As of Feb. 9, “Fifty Shades Freed” has a rating of 11 percent on Rotten Tomatoes. The two films that came before it, “Fifty Shades of Grey” (2015) and “Fifty Shades Darker” (2017), also have low ratings at 25 percent and 10 percent, respectively. However, the films continue to bring in hundreds of millions of dollars. While many would say these films are simply not good, the series undeniably has a large fan base, and perhaps even a cult following. This following stems from the widely popular book series of the same name written by E.L. James the movies are based on.
“Fifty Shades Freed” takes place in modern-day Seattle and follows Anastasia Steele (Dakota Johnson) and Christian Grey (Jamie Dornan) during their new marriage. Just as Christian and Anastasia settle into married life, drama starts to arise as Steele realizes she’s being followed by her old boss, Jack Hyde (Eric Johnson).
Several smaller conflicts seem to randomly occur without adding meaning to the overall plot. For example, Anastasia’s friend, Kate (Eloise Mumford), confides in her when she suspects her boyfriend, Christian’s brother, is cheating on her. Although this subplot is visited once more, it isn’t fully resolved by the end. Because the script left plot lines open, some parts of the film were hard to follow.
The acting in “Fifty Shades Freed” also contributes to its overall distastefulness. To give Johnson and Dornan some credit, the dialogue lacks substance and any sense of reality. This makes it hard to tell whether the acting is unbelievable because the actors are lacking talent, or if the dialogue is just so stiff and inorganic it’s impossible to deliver in a convincing way. However, we see a trend of implausible performances from Johnson in her role as Alice in “How to be Single” (2016) as a newly single woman living in New York City struggling to navigate the dating scene.
Even though the comedy offers a completely different role than the one she takes on in the “Fifty Shades” series, Johnson still received poor reviews saying her performance was “blandy earnest” and contributed to a “listless atmosphere.” Dornan also had similar criticism in “Anthropoid” (2016), a WWII period piece in which he plays a paratrooper. Dornan was criticized for his fake Czech accent and the movie was called dull.
Johnson and Dornan have a certain amount of chemistry that’s visible and effective in the several sex scenes, but in dialogue-heavy scenes, it seems impossible to believe their onscreen marriage. The relationship is portrayed as extremely passionate, but muddled with jealousy and anger, making it hard to believe such a toxic partnership could ever be considered as love.

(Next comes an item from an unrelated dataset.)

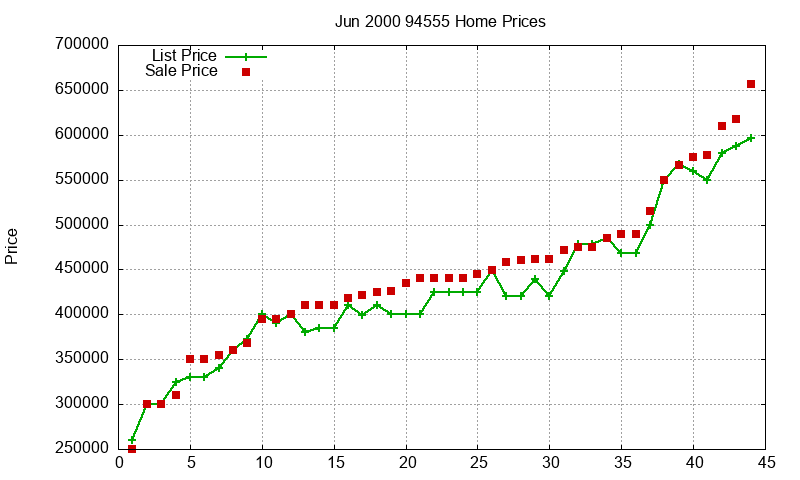 94555 Homes Just Sold 2000-06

The pair’s back-and-forth is clear in the honeymoon scene, when the couple stops at a nude beach. Anastasia starts taking off her bathing suit top when Christian orders her to stop because he doesn’t want others to gawk at her or tabloids to take pictures of her. This scene only plays into the endless cycle of their relationship — obedience, disobedience and punishment.
The only redeeming quality of “Fifty Shades Freed” is its soundtrack, which is populated with pop and R&B songs from artists such as Sia, Liam Payne, Rita Ora and Ellie Goulding.
Despite the well-crafted soundtrack, the movie itself is undeniably poorly executed. Unfortunately, the creative team behind “Fifty Shades Freed” failed to end the trilogy on a high note — a fate not completely unexpected.
“Fifty Shades Freed” is now playing in theaters nationwide.